It is seven and twenty years since O'Hara altered, for this theatre, Fielding's Tom Thumb, making a burletta, of what was originally a burlesque tragedy. The richest parts in this jeu d'esprit are Queen Dollalolla, and Lord Grizzle, and we question whether they were ever so happily fooled to the top of their bent, as by Mrs. and Mr. Liston. Many have failed in Lord Grizzle, by trying to be too droll. Mr. Listen succeeds by his gravity, and obtains more applause than was bestowed on Shuter. Let us, however, look into this performance, and see how the taste of an enlightened people is to be respected for what they take so much delight in.—In two former numbers, VIII. and IX. N. S. we made very merry with the dramatic taste of the Americans. They cannot make a just retort by referring to O'Hara's Tom Thumb, therefore we shall shew our impartiality by quoting two interpolations of Mr. Liston, than which nothing in his part excites more laughter.

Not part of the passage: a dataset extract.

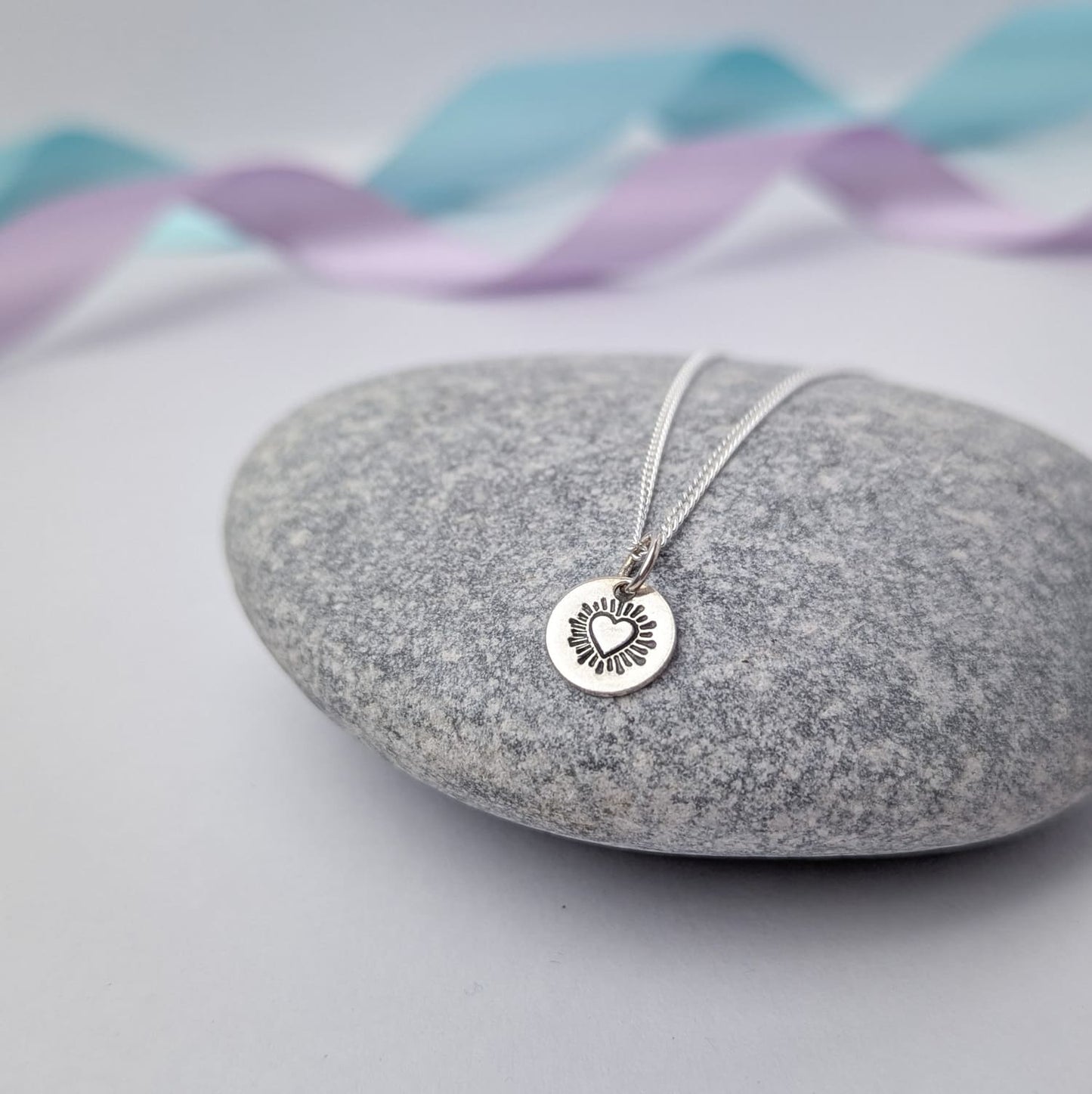 Photograph of a delicate silver pendant necklace resting on a smooth grey stone. The round disc pendant features a hand-stamped heart in the centre, surrounded by radiating lines resembling sun rays. The necklace has a fine silver chain. The background is softly blurred, with pastel blue and lavender ribbons adding a touch of colour.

Act i. sc. 3, Grizzle ought to say—
    "Giants!—why madam, 'tis all flummery;"
but he exclaims:
    "Giants!—why madam, 'tis all my eye and Betty Martin!"
and previously, when the Queen cries—
    "Teach me to scold, O Grizzle!"
he should reply,
    "Scold, would my queen?—say, ah! wherefore?"
but he consults the elegant taste of the town, and says:
    "Scold, would my queen? O, blood and guts, wherefore?"
The rapture, with which these new readings are received, would do honour to an audience composed entirely of Yanky Doodles.


07 Nov 09 - 07:00 PM (#2761792)
Subject: RE: Lyr Req: Pretty Betty Martin
From: Jim Dixon

From Hamlet Travestie: In Three Acts by John Poole (London: J. M. Richardson, 1810):

[page 2:]

Hamlet. Talk not to me of seems—when-husbands die,
'Twere well if some folks seem'd the same as I.
But I have that within, you can't take from me—
As for black clothes,—that's all my eye and Tommy(a).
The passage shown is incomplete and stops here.